Python as a Tool for Monte Carlo Simulation

Written by Yeng Chang: Yeng

One of my (nerdy) pastimes is to go on the Mathematics Stack Exchange website and answer questions about all sorts of mathematics, ranging from basic algebra to actuarial science to some real analysis and abstract algebra.

I ran into a very interesting question on the Math Stack Exchange website very recently, which can be found here.

Quick summary of the problem that the question posed: imagine you’re a DJ. You have 200 songs available in your repertoire, and 13 people each give you a list of 5 distinct song requests. What is the probability that at least 16 songs will be represented twice of the song requests?

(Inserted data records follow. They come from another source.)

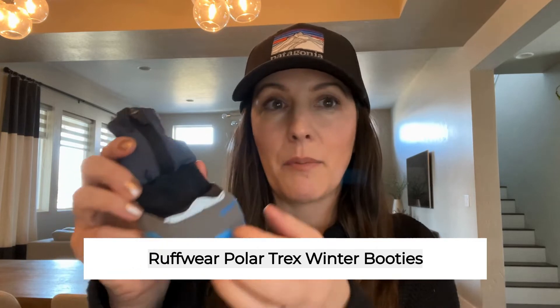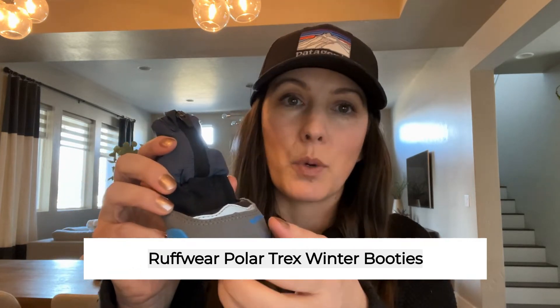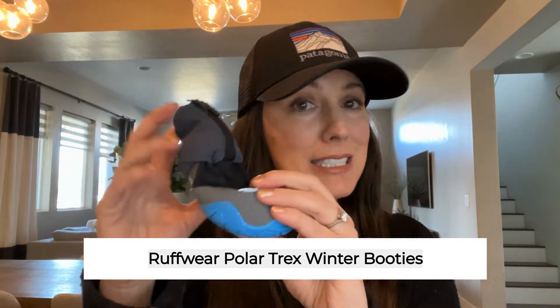So we purchased the Ruffwear dog booties for him while we were there and we've been really happy with how these have worked for him — he actually seems to enjoy being outside when he has these on. They're really durable on the bottom so they grip to the ground and they keep his feet from being too cold.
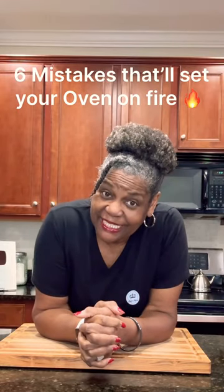Here are six common mistakes that can set your oven on fire. Come with me, I'll show you what to do.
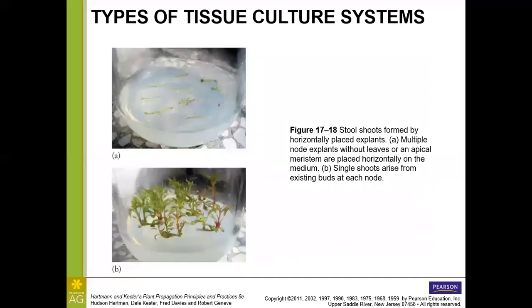Returning to stool shoots: these shoots are actually quite thin and might not do well if planted vertically — they would just fall over. So they are placed horizontally, each containing multiple nodes, and from each of those nodes, single shoots arise. Those adventitious shoots can then be further micropropagated, or taken out and acclimatized or rooted.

My response can be found here. I first tried an “analytic” approach to the problem by assuming that the occurrence of one song being represented twice is independent from other songs being represented twice, and one person’s choice of a song is independent from another person’s of a song. This resulted in a probability that was very close to 0 (around 10-21).

But these assumptions are very implausible. I wasn’t satisfied with that answer.

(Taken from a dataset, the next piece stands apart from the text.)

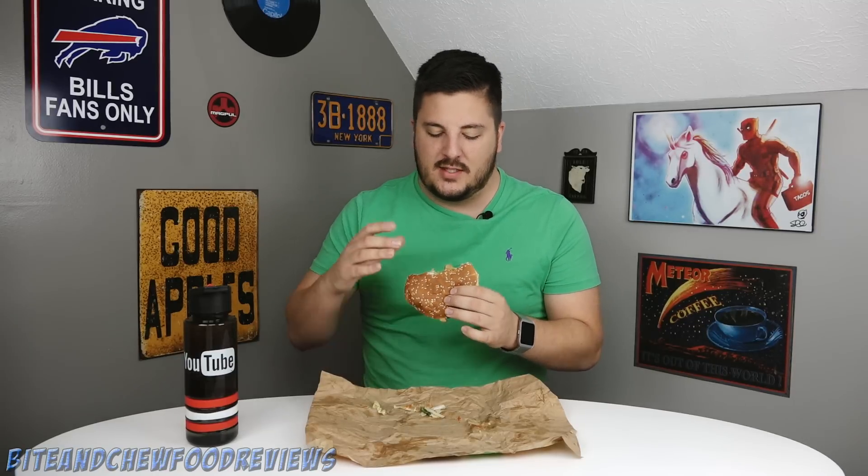So far this is a pretty solid sandwich with the lettuce, the pickles, the cheese, the onion, the ketchup, the mayonnaise — it's got like every condiment you would want. Very, very good so far.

So my first thought was, okay, let’s try Excel. I tried the following approach: I was going to generate groups of 13 people generating 5 distinct song requests, where each song took on a value from 1 to 200. I tried to do this using “regular” cell coding I found online, so this proved to be a very difficult task, and I gave up on using Excel very quickly. (Maybe if I knew VBA better, the outcome would have been different, but unfortunately, I didn’t.)

Then a light bulb lit in my mind: why don’t I use Python? Python makes it very easy to generate random lists of distinct numbers with its random sample function. To solve this problem, what I did was generate a list of “songs” (that is, the numbers from 1 to 200) for 13 people, put all of these songs into a list, and created another list which generated the frequencies at which these songs occurred. If there were at least 16 songs with a frequency of 2, I added 1 to a counter variable.

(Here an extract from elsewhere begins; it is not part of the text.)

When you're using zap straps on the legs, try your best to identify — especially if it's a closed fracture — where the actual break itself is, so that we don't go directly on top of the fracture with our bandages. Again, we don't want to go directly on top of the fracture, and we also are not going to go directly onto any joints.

I ran this simulation for 100,000 trials and then 1,000,000 trials. The probabilities tended to range at around 1% for 100,000 trials and 0.1% for 1,000,000 trials, so for the purposes of the person asking me this question, the probability was very, very close to 0.

Moral of the story? The more programming you know, the better. You never know when you will need it. I am excited to start my work with Coaching Actuaries in about two weeks, and actually, when I visited Coaching Actuaries in March, I found a need to use Maple to perform some very tedious algebra that would have been too time-consuming manually. Programming is a very valuable skill to have when working with complicated situations.